Fortunately, they were pleasantly surprised. “It’s been wonderful,” Skyler says, relief clear on his face. “I can’t even describe it. We’re all just one big happy family here. We all look out for each other. We take care of each other, and they don’t make me feel any different than anybody else. It’s incredible, you know, it’s very accepting. And you can’t put a price on that.” 

They’ve been in their current home for a year and a half, and they plan to stay with COTS as long as they need to. “They’ve been good to us,” says Skyler. “I mean if it wasn’t for COTS we’d be houseless. And Debbie [Robbins, their case manager] is very understanding. We were severely behind on rent because I can’t afford it. I just keep her up to date on things and I just pay what I can. Thank God we’re in the COTS system.” 

“Being with COTS allows us to be able to stay here in Sonoma County,” adds Tricia. “I’m from Fresno, and that would be the backup plan, to move back to Fresno. And I really don’t want to move back to Fresno,” she adds, laughing.

Last November, after two bad job experiences as a cook (the only thing he’s ever done), one including transphobic treatment, Skyler made the hard decision to go on disability and reevaluate his career choices. That’s when Debbie got a flyer for a peer support class. “She thought of me, and she brought it by and she said, ‘Skyler, what do you think about this?’ I took the class, and not only did I fall in love with the class, but I realized that I can really help somebody, with just my learned experience.” 

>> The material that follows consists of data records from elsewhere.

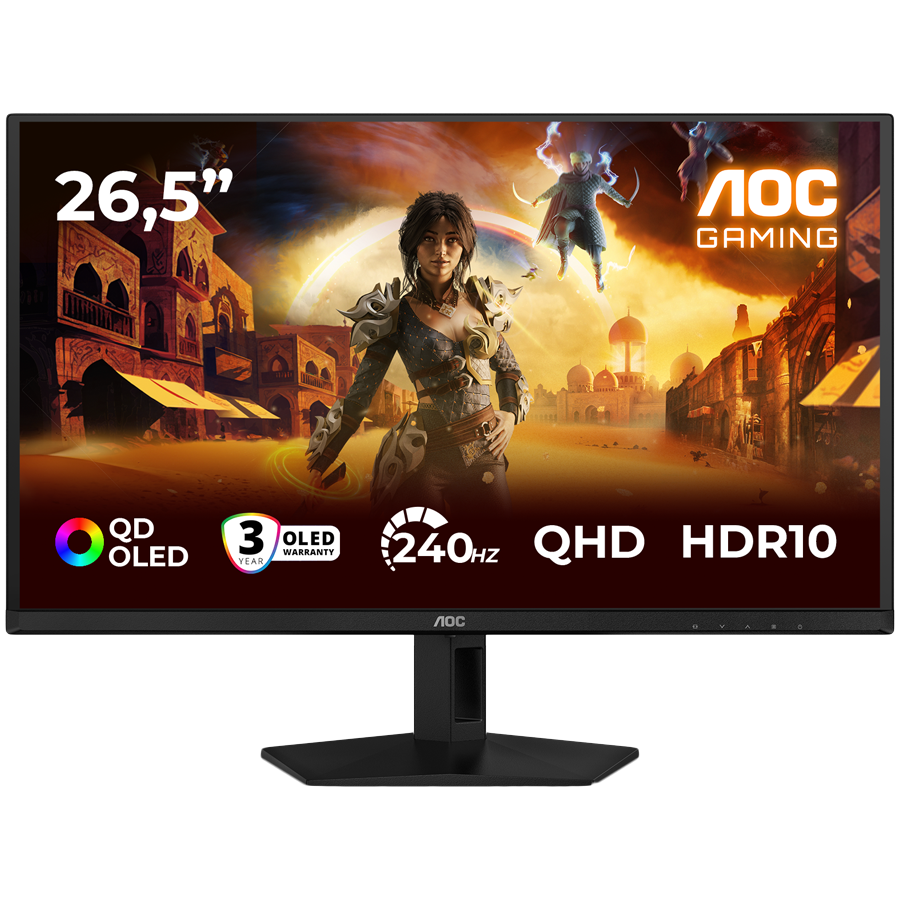 AOC Monitor Gaming OLED Q27G41ZDF 26.5″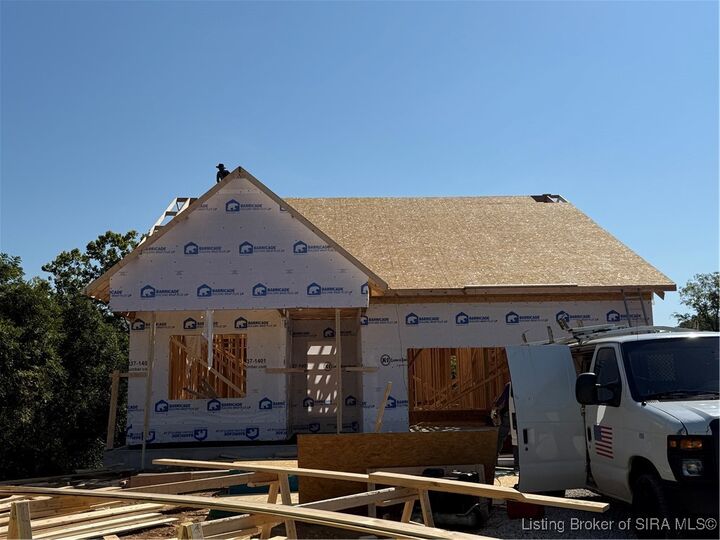 Property Photo: 7021 Dylan Circle (Lot 414) IN 47122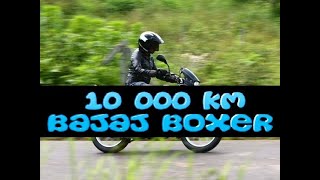 10000 km bajaj boxer и доработки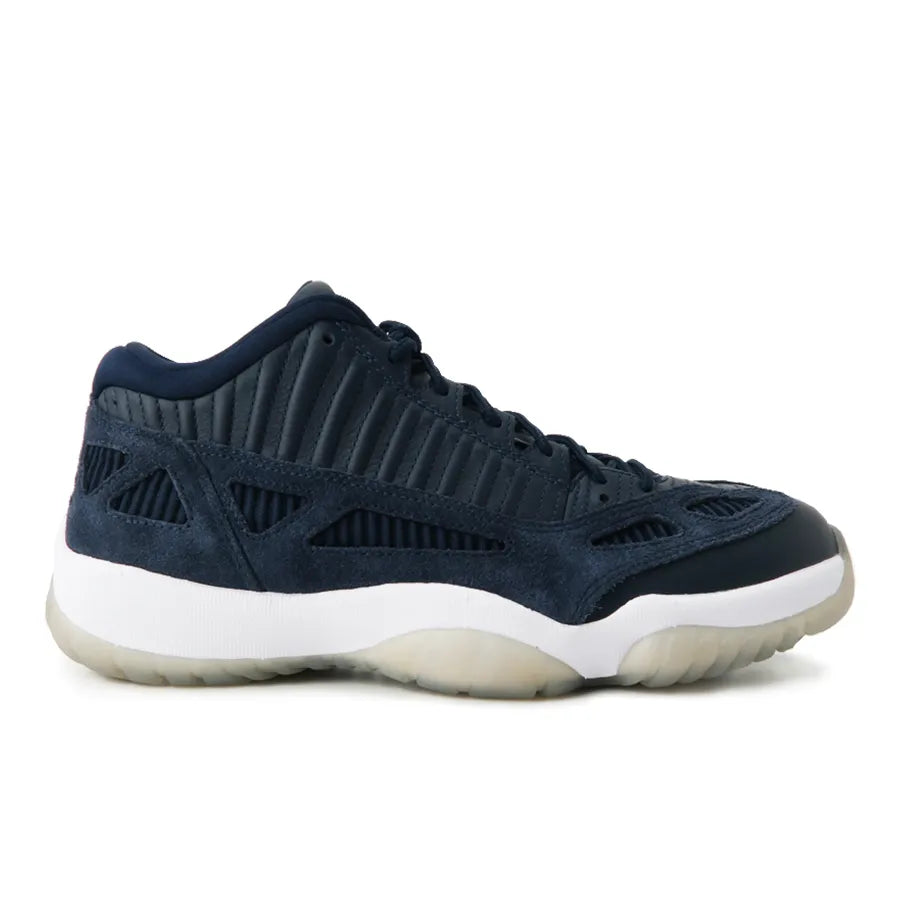 JORDAN 11 RETRO LOW IE "OBSIDIAN"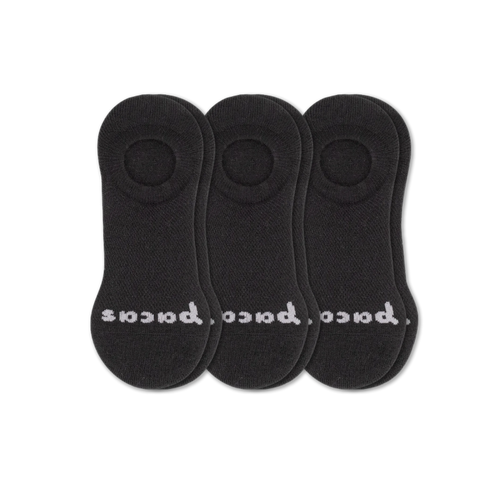 3 Pack - Women's No Show Socks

And Skyler does have learned experience. He has childhood trauma from ongoing sexual abuse, which led him to develop dissociative identity disorder (DID), and PTSD from his time on a Naval supply ship. He was addicted to heroin for eight years, has experienced homelessness, and struggled with his identity as a trans man. 

“The thing with me is, I’ve had a hard journey, but I’m not afraid to tell my story,” Skyler says. “I want people to know I’m trans and I want them to hear my story. Because it does get better. My journey’s been hard, but you know, there’s always tomorrow, ‘cause the sun will come up no matter what, it always does. 

“I’ve tried to kill myself more times than I even like to mention, but failed every time. I put a gun in my mouth; it jammed. I tried to hang myself; the rope broke. I pulled my car into a garage and just left it running, and my car was perfectly fine, and then the battery died. So I am supposed to be here. I don’t know what my purpose is, but the universe and God led me to this peer support, so this is the path I’m walking on, and I’m gonna share my story with people and hopefully help somebody turn their life around, like my life has been turned around. Don’t give up because hope – and you can take this home with you – hope is: hold on pain ends. That’s what it stands for. And I’m getting that [tattooed] next for a constant reminder because you know what, it does end; hold on. It will end, and it does.”

As of the publication of this newsletter, Skyler has started his new job as a Peer Support Specialist through the Wellness Center, a brand new program beginning early August. “I’ll be assigned three members, and I’m helping them transition from being houseless to getting stable, permanent housing,” Skyler says. “And whatever services they need, I’m gonna help them stabilize their environment. I am over the moon happy and excited.”